Sachsenhausen: Arbeit macht Frei

"Work Frees You"Sachsenhausen Concentration Camp is located in northern suburban Berlin.  I took a tour led by Jamie, a British archeologist who was incredibly knowledgeable about the rise of the Nazi state, and about this camp in particular.  Our group, made up of Brits, Canadians and Americans, met at an S-Bahn stop near my hotel.  We got off the S-Bahn some distance from the camp and walked, including along Hans von Dohnyani Strasse.  He was Bonhoeffer’s brother-in-law who was executed at Sachsenhausen.

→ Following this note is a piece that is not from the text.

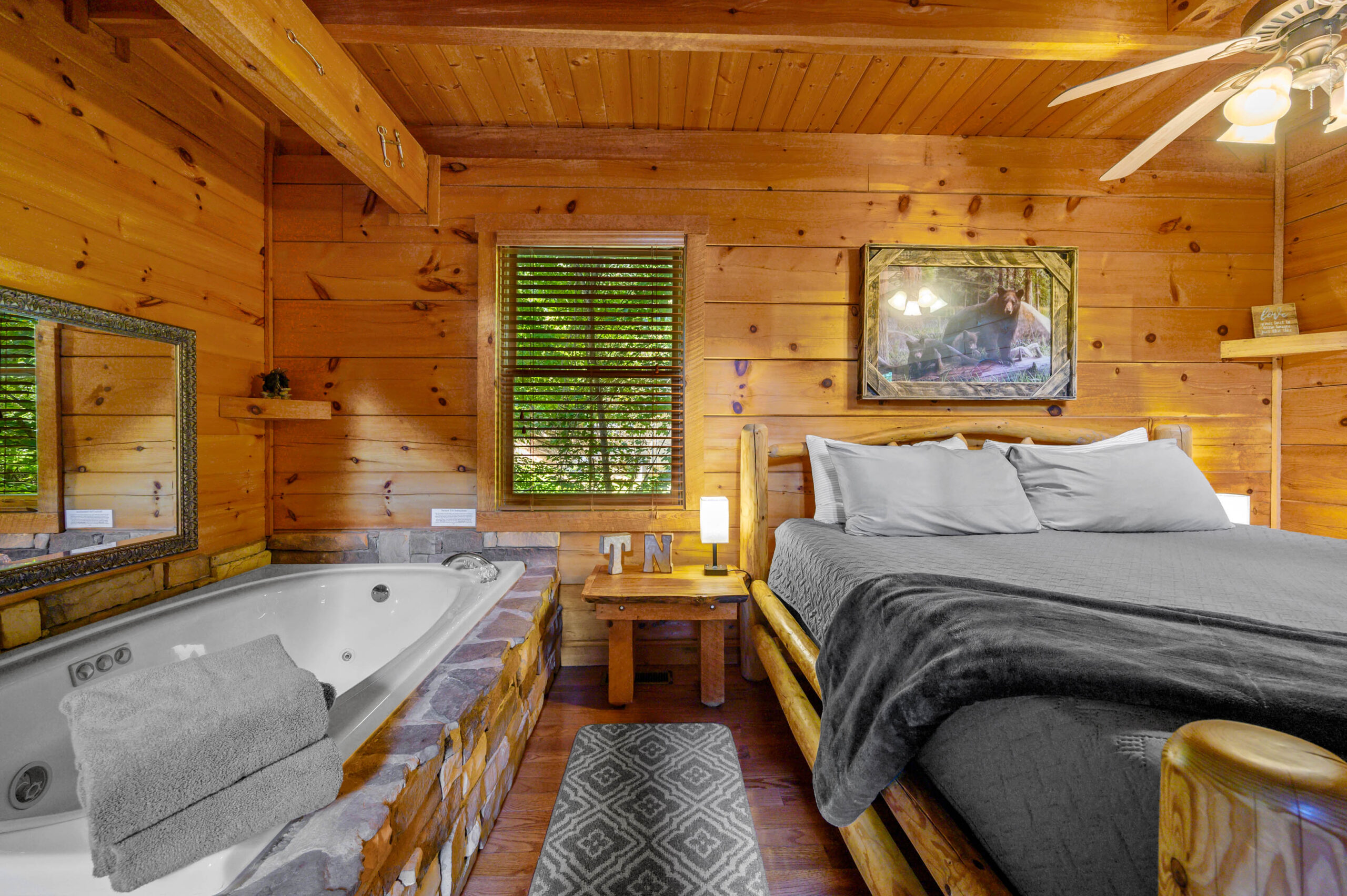 interior of Sunrise Woods Retreat cabin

Sachsenhausen barracksJamie at SachsenhausenOn the way to Sachsenhausen

Sachsenhausen was not an extermination camp although many people died there.  The crematoria were quite busy, and human ash fell on the cute bungalows of the SS officers’ families located just outside the gates.  The phrase, “Albeit mach Frei” means, “Work Will Free You.”  Old prisoners, called kapos, reminded the newcomers that there was one way to freedom – up the chimneys.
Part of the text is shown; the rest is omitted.